Nations spend megabucks on keeping their communications secret. But a code, however sophisticated, can always be cracked.

In 1939 it was generally believed at the British Government Code and Cypher School (GC&CS) at Bletchley Park that the Nazi’s “Enigma” code could not be broken. Only the head of England’s German Naval Section, Frank Birch, and the mathematician Alan Turing believed otherwise. Using an embryonic computer and a lot of hard work, GC&CS managed to break “Enigma”. This resulted in a dramatic turn-around in the Atlantic War. Enigma intercepts helped the British to plot the positions of U-boat patrol lines, and adjust the routes of the Allied convoys to avoid them. Losses of merchant-ships dropped by more than two-thirds in July 1941.

“They will heed your voice…”

G-d assured Moshe that the elders would heed Moshe’s call because they had received a tradition from Yaakov and Yosef that the eventual redeemer would use the expression, “I have surely remembered.” (Rashi) The question remains: What if someone else “broke the code” and purported to be the true redeemer? What would stop him from misleading the Jewish People with disastrous results?
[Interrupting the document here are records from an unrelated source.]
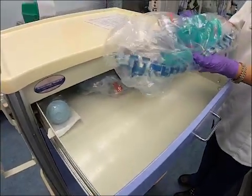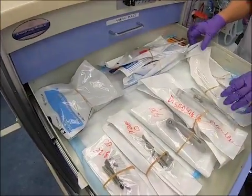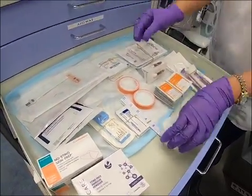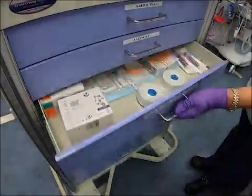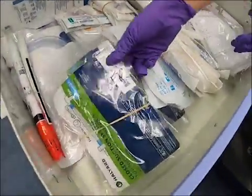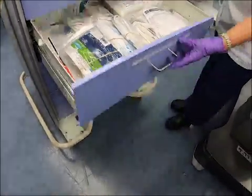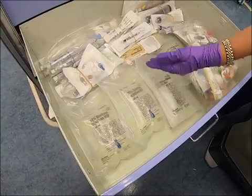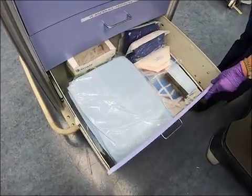The NICU CV19 cart consists of: the bag mask filter valve device, which was preassembled by the respiratory therapist; intubation supplies; miscellaneous items such as adhesive tape; and monitoring supplies such as electrodes and pulse oximetry probes. We also have the umbilical catheter insertion tray, suctioning supplies, and supplies for emergency chest tube insertion. Emergency medications, fluids, and flushes are also stored here, as well as a personal protective equipment drawer.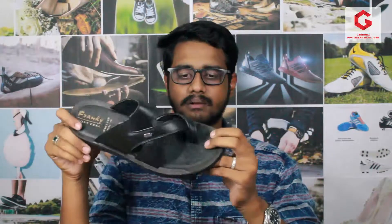Hi friends, welcome to G-trends. I am Guna Shekar. Now we are going to see our product in the Franky brand — the FRM 104 article number. This is our product and we are going to watch the details of the Franky brand.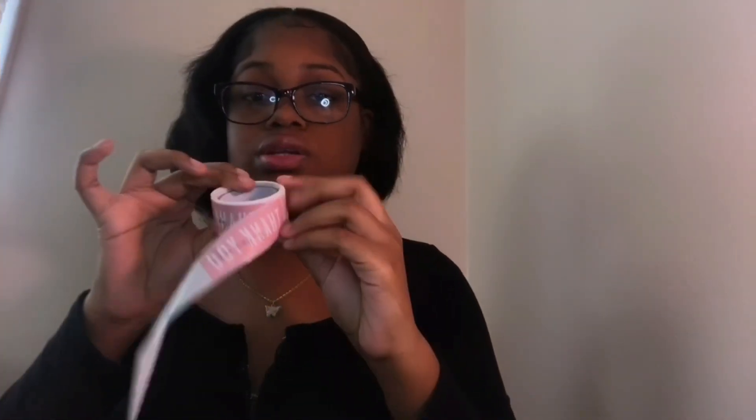The first thing you'll need is obviously a poly mailer. This one is six by ten and it came in a hundred pack on Amazon. You can also get bigger boxes, bigger bags, or bigger poly mailers — I'm sure they have those on Amazon too. Everything will be linked down below in the description.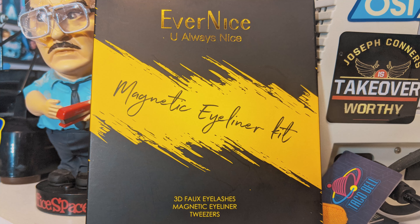It's the Ever Nice magnetic eyeliner kit. From what I'm told, you put the magnetic eyeliner on your eyes and then there are fake eyelashes — this comes with 3D faux eyelashes — and they stick to the magnetic eyeliner. I didn't know that was a thing, but apparently it's a thing.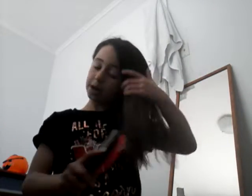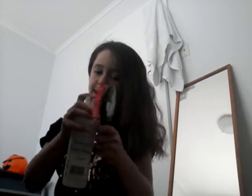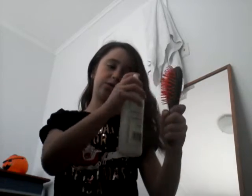So what I do first: I take my hairbrush and brush my hair out. Then I get my hairspray and spray my hairbrush. You can use this as a tutorial, you don't need to though. But then I'm just going to brush my hair after I spray my hairbrush.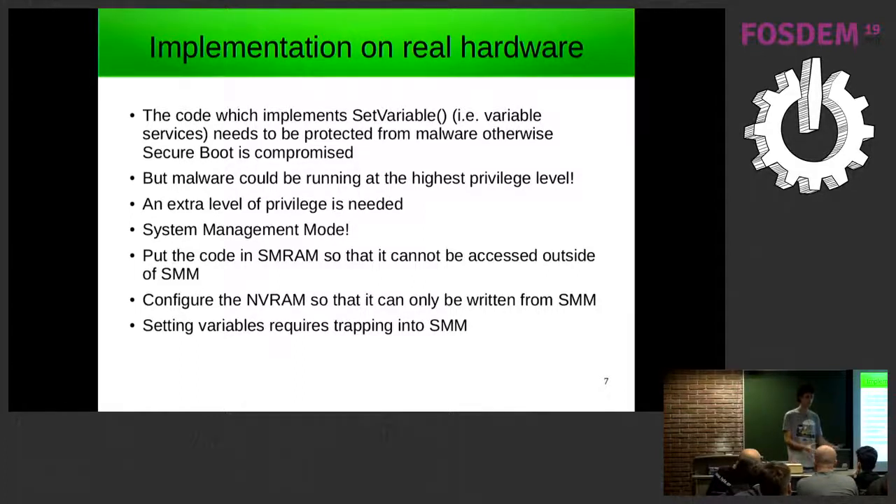The code runs on the same CPU as other code, which could include a rogue device driver running as part of the operating system. There needs to be a way of defining an extra level of privilege or execution context. On x86 processors this already exists in the form of System Management Mode, or SMM. You can jump into SMM and execute code from a special section of RAM called SMRAM, which is hidden from the rest of the system. The security-sensitive part of the firmware is placed in SMRAM, and NVRAM is configured so it can only be written from within SMM.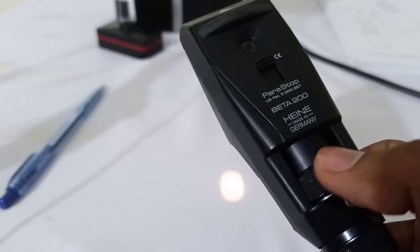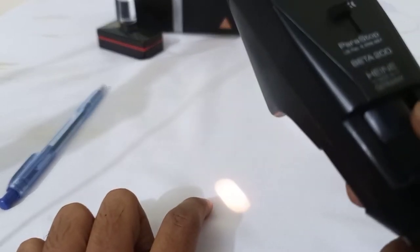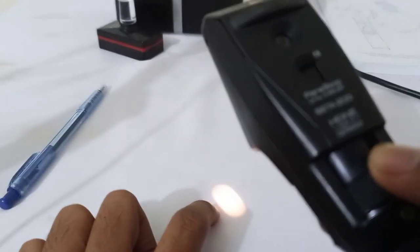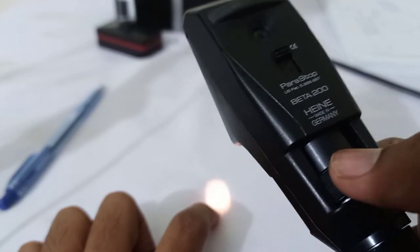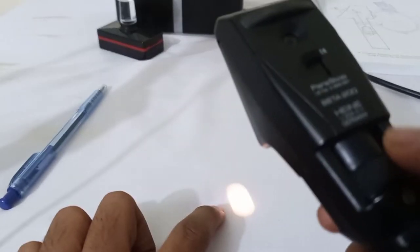By moving and rotating this sleeve, you can see the light spot. This light spot is called the streak of the retinoscope. Because it produces a streak, these modern retinoscopes are called streak retinoscopes. When I rotate the sleeve, the streak on my table rotates accordingly, as you can see.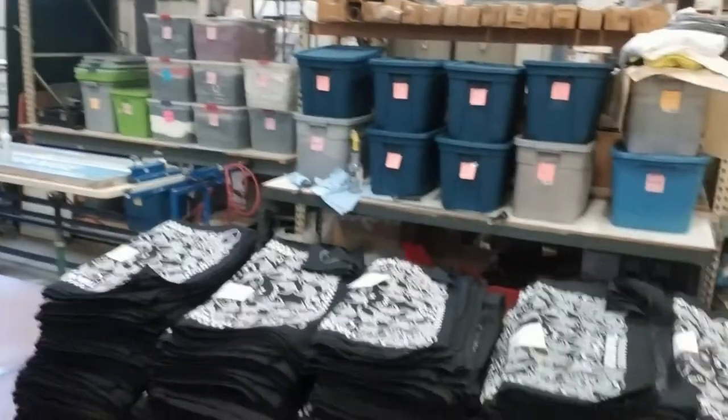Hey, this is Darren Amato from Ambro Manufacturing, BandanasOnline.com, here in the shop in New Jersey on a Friday. Today I want you to take a look here — we've got the bandanas stacking up for our client Hitachi, who ordered 3,000 of these for a giveaway at their next trade show event.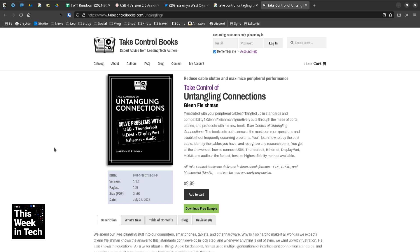This is the book you have to read if you want to get all the answers on how to connect USB, Thunderbolt, Ethernet, DisplayPort, HDMI, and audio. It was an incredible journey writing this book. And still, the announcement of USB 4 version 2.0...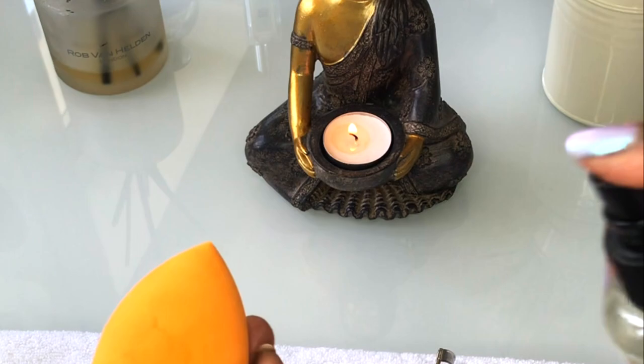And there you go, lovely clean brushes that look brand new. That's all. See you next time.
“It happened sometime later, in the days of the wheat harvest, that Samson remembered his wife…” (Shoftim 16:1) The word “remembered” here is “yifkod”, an expression of love and yearning — and it’s exactly the same word used by Yaakov and Yosef.

There was another dimension to Yaakov and Yosef’s code — and that indeed made it truly unbreakable: The Jewish People knew that not only would the true redeemer use the correct word – pokad – but he would ignite in their hearts a burning love and yearning for the G-d of Yisrael and the Land of Israel.

And that’s not something you can crack.